Future analytics applications in the smart home
Customer engagement is only the beginning of what can be done with residential analytics solutions, and stakeholders in this space have begun to scratch the surface of the available opportunity data has to offer. Though the market is still emerging, analytics solutions have the potential to be used for much more advanced applications, such as automation in the smart home.
Analytics can be expected to foster whole-home integration of various Internet of Things devices by increasing awareness across multiple facets of the home, from thermostats to door locks to refrigerators to solar panels. Having insight across the entire home can enable machine learning and artificial intelligence technologies to eventually create smarter, more intuitive systems that not only make consumers’ lives more convenient, but also play a role in smart cities and the larger digitalized grid.
Challenges to overcome and opportunities for the future
There are still many challenges for the smart home data analytics market to overcome, and it is important to be realistic. Data privacy and security are arguably the biggest barriers for these solutions. In recent years, data hackings have become more frequent and have effected big-name companies from Yahoo to Sony to Target — all of which have experienced security breaches of consumer data. Such instances make consumers hesitant about adopting technologies that utilize their data. In certain regions, like Europe, there are strict laws protecting consumer data, but these also prevent companies from experimenting with data to create new services and from exploring how to add value to existing solutions.
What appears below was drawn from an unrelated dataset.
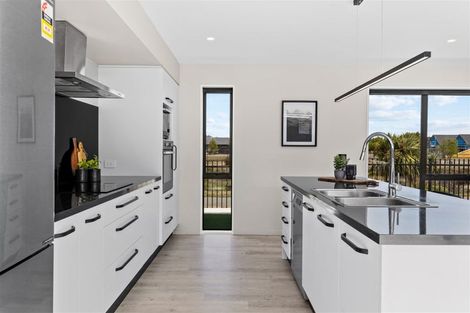 Photo of property in 17 Pajet Street, Marshland, Christchurch, 8083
Interoperability and lack of education about the value of these technologies also inhibit market growth. In the connected home, devices that cannot communicate with each other due to incompatible protocols and communicating technologies result in disparate and inaccessible streams of data that cannot be used to create value. Some service providers are also skeptical about the value that data can add to their business; the nascencey of this market means there are not many concrete examples of how analytics can improve operations, which makes it difficult to justify the return on investment (ROI) of these solutions.
There are several best practices that can help stakeholders overcome issues in the smart home data analytics market and help turn the smart home into a reality:
- Focus on positive ROI: Analytics must be put toward strong use cases that add value, create new revenue streams, and provide consumers with additional services to positively effect a business.
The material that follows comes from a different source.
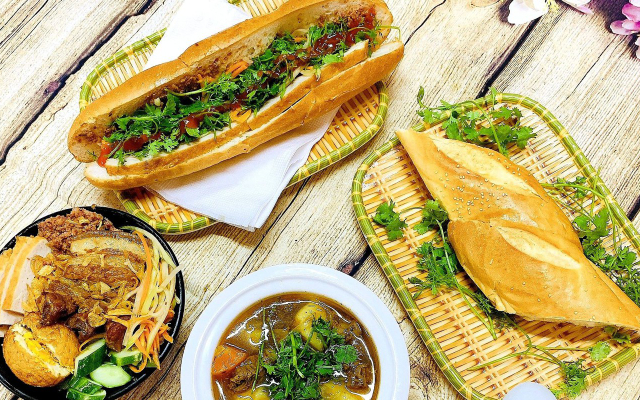House Bread 48 - Bánh Mì Chả Cá & Cafe - Nguyễn Siêu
- Develop strategy for business-to-consumer services: The ultimate goal for vendors in the analytics market is to transition from selling hardware with a one-time payment and free analytics to services that provide ongoing revenue. Vendors must develop a strategy for educating the market on data-based services, and they must go to market with the right value propositions.
- Ensure data privacy and security: It is important for vendors across all aspects of the value chain to reassure consumers about the security of their respective solutions and privacy of their data. It is also important for consumers to stay informed and be aware of how their data is being used.
- Create open and interoperable solutions: The smart home market is fragmented, but its future relies on device and data interoperability. Vendors across the value chain will benefit from shared data streams and communicating devices, as open ecosystems provide more value to consumers.